*Task instructions:* Output each record exactly, excluding pictures.

○ ○ ○ ○

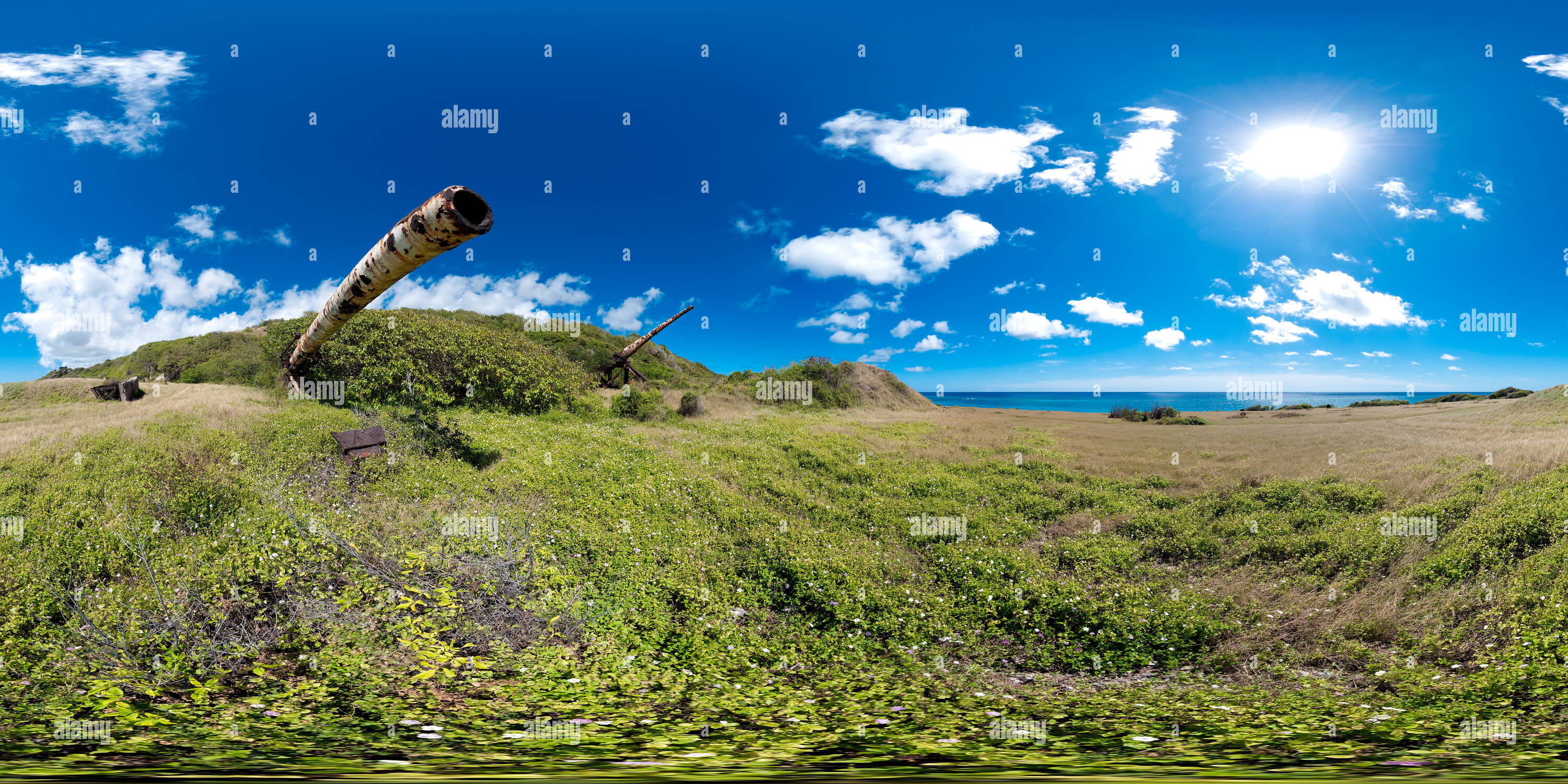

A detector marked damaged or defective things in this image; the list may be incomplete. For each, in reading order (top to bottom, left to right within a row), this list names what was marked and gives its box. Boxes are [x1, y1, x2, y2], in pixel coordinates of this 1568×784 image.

rusted metal structure [286, 187, 493, 378]
rusty cannon [286, 187, 493, 378]
rusty cannon [602, 305, 694, 389]
rusted metal structure [602, 309, 694, 391]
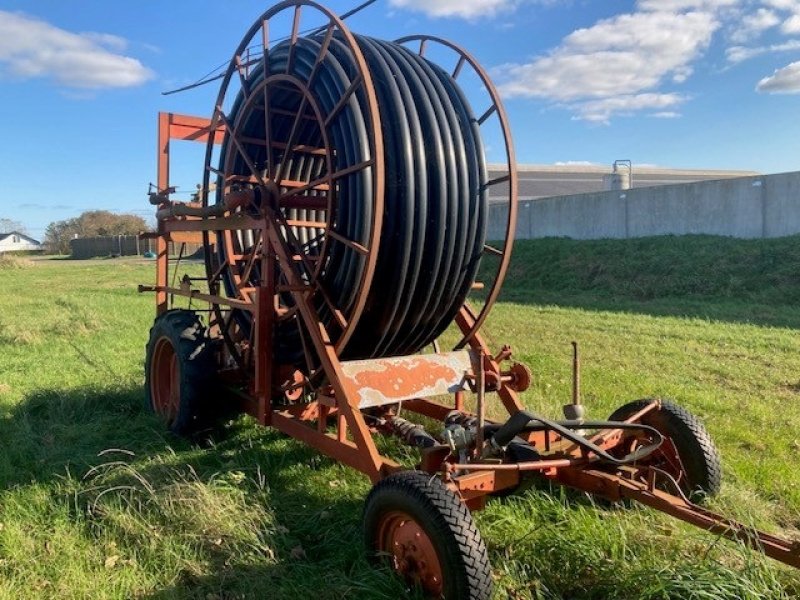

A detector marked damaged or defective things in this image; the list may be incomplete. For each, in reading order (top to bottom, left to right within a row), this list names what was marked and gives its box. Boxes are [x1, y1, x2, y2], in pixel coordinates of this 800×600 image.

rusty orange metal frame [142, 110, 800, 576]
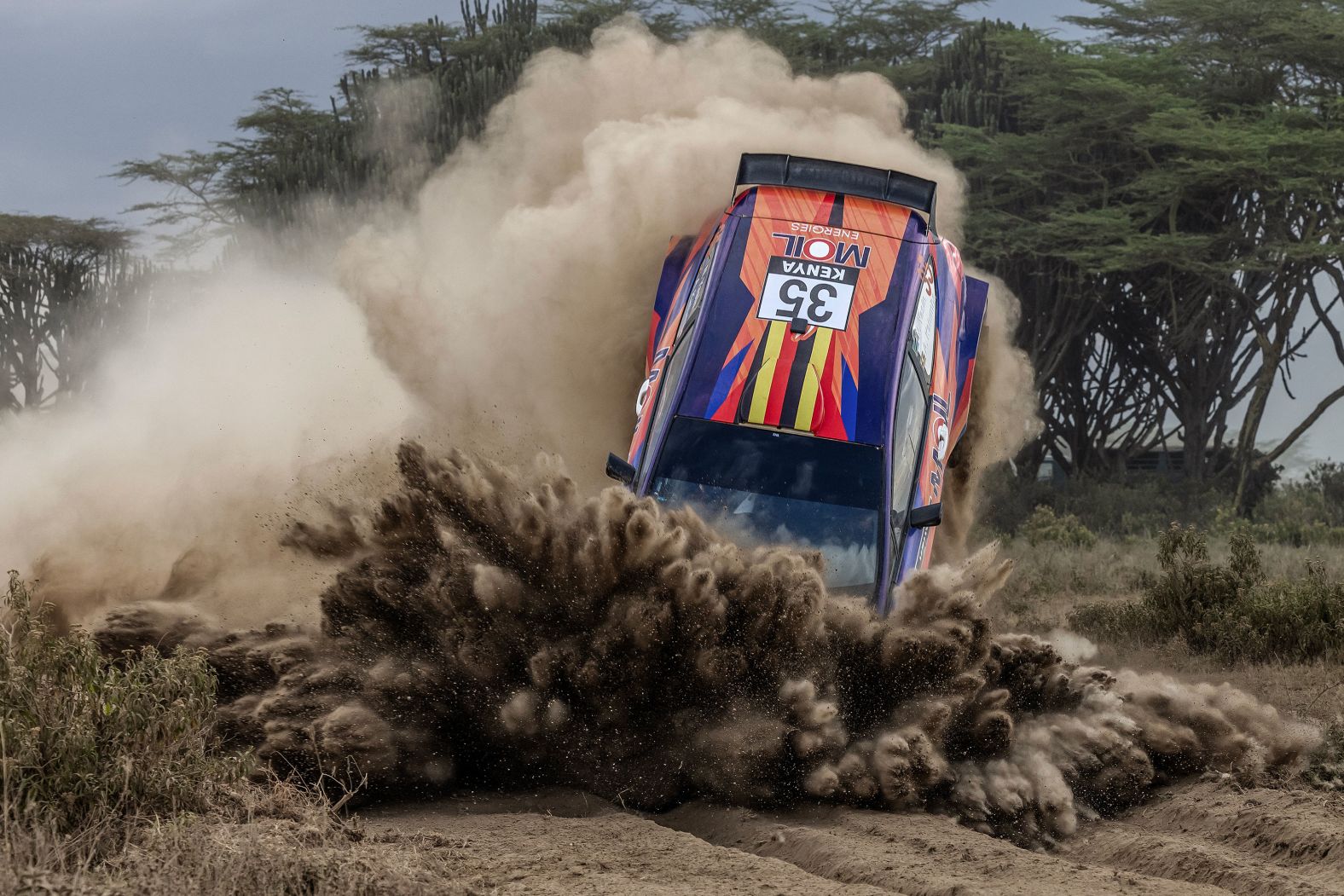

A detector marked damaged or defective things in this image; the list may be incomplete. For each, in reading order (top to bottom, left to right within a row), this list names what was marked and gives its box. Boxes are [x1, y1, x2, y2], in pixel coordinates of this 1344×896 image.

overturned rally car [610, 155, 988, 617]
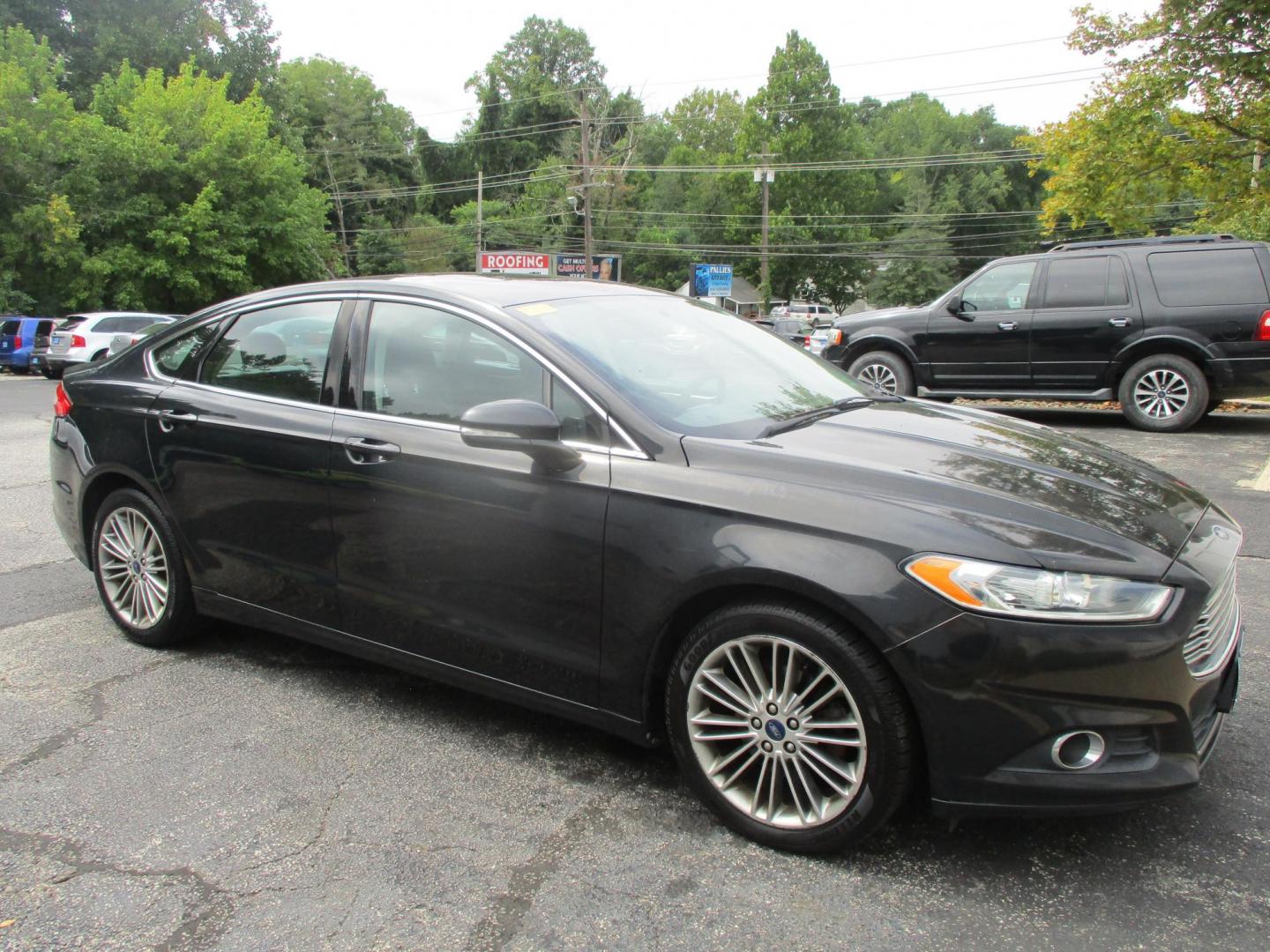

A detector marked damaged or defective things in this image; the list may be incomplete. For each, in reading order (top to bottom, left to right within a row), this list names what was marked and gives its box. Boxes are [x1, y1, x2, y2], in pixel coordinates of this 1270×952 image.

cracked asphalt [2, 376, 1270, 952]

○ ○ ○ ○

*Written response:*
A detector marked damaged or defective things in this image; the list may be incomplete. For each, in reading order (top to bottom, left to right within a row), this list names what was marked and gives its box. Boxes are [x1, y1, x2, y2], in pixel coordinates of this 1568×784 image.

rusted metal structure [286, 187, 493, 378]
rusty cannon [286, 187, 493, 378]
rusty cannon [602, 305, 694, 389]
rusted metal structure [602, 309, 694, 391]

A detector marked damaged or defective things in this image; the list may be incomplete. For each, in reading order (top to bottom, left to right within a row), this list names what was marked and gives its box. Boxes are [x1, y1, x2, y2], in pixel coordinates of this 800×600 image.

rusty orange metal frame [142, 110, 800, 576]

A detector marked damaged or defective things in this image; the list may be incomplete. For each, in reading order (top to bottom, left to right within a row), this list names what was marked and gives its box. Boxes are [x1, y1, x2, y2], in pixel coordinates of this 1344×896 image.

overturned rally car [610, 155, 988, 617]

A detector marked damaged or defective things in this image; the list may be incomplete. For each, in reading order (top to bottom, left to right within a row), this list names what was marked and gives its box. Boxes are [x1, y1, x2, y2], in pixel coordinates of this 1270×952 image.

cracked asphalt [2, 376, 1270, 952]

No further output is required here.